Os pesquisadores também concluíram que uma dieta que envolve a redução do consumo de alimentos animais em dois terços geralmente tem uma pegada climática mais baixa do que a dieta vegetariana lacto-ovo mais tradicional. Outra conclusão do estudo é que a produção local nem sempre é a melhor opção do ponto de vista da proteção climática.
A produção de de carne bovina no Paraguai, por exemplo, gera quase 17 vezes mais gases de efeito estufa do que a produção do produto na Dinamarca. Muitas vezes, essa disparidade se deve ao desmatamento para criação de pastos, segundo o estudo.

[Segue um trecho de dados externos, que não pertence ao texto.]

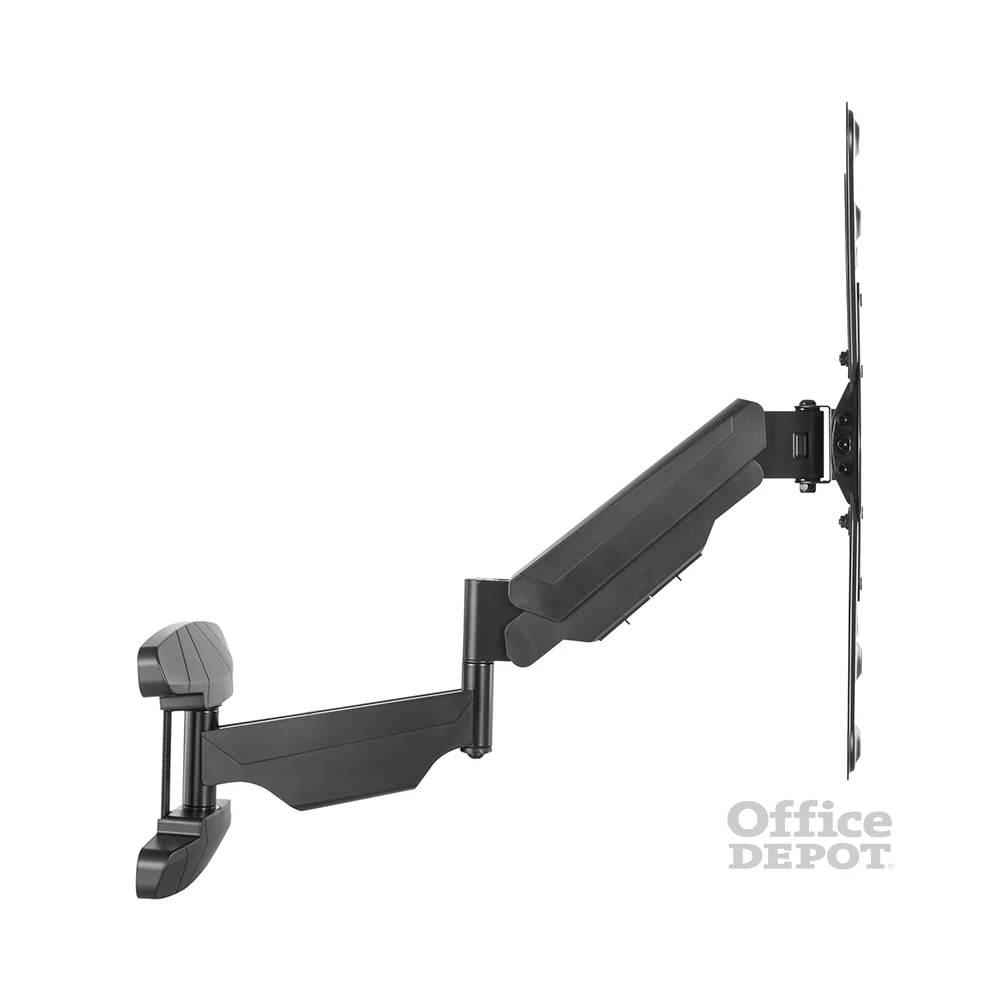 Stell SHO 3620 23"-70" VESA 400x400 gáz rugós dönthető, forgatható TV fali konzol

“O país de origem de um alimento pode ter enormes consequências para o clima”, diz Bloem. “Na Europa, o solo é muito mais fértil, por exemplo, o que torna a produção mais eficiente. Portanto o comércio internacional pode ser bom para o clima, se os alimentos forem produzidos em locais onde o impacto climático é menor”, mesmo considerando o fator transporte.
O estudo conclui que os países de renda média e baixa precisam ser guiados e apoiados pelos desenvolvidos, a fim de evitar erros ambientais pelos quais o planeta já está pagando. “Precisa haver uma estreita colaboração entre países desenvolvidos e em desenvolvimento. É um problema de todos. Estamos todos juntos nisso”, alerta Bloem.
É preciso contextualizar
Mas, apesar dos resultados, uma das principais conclusões do relatório é que nem sempre há respostas diretas: o contexto de compreensão é vital para encontrar uma solução, de acordo com Bloem. “Por isso realizamos análises em todos esses diferentes países, para que se possa ver qual é a melhor saída para cada país lidar individualmente com dietas e questões de saúde, bem como clima e sustentabilidade.”
Ao fim, o estudo apresenta nove dietas de ênfase vegetal, que vão desde não comer carne vermelha nem produtos derivados de animais (vegana) até um tipo de semivegetarianismo que inclui frutos do mar. As sugestões individuais de dieta serão agora apresentadas aos formuladores de políticas em cada país, fornecendo-lhes os dados e informações necessários para desenvolver estratégias nacionais apropriadas.
Ao mesmo tempo, o estudo exorta a população ocidental a fazer mais. Os baby-boomers do mundo desenvolvido, por exemplo, emprega em média menos de 10% de sua renda em alimentos, enquanto a mesma geração em países pobres como Nigéria, Quênia e Bangladesh gasta entre 50% a 60%. “Portanto não há espaço para eles fazerem melhor. Mas nós, no mundo ocidental, podemos pagar mais pelos nossos alimentos, para que possamos pagar pelas consequências não intencionais”, conclui Martin Bloem.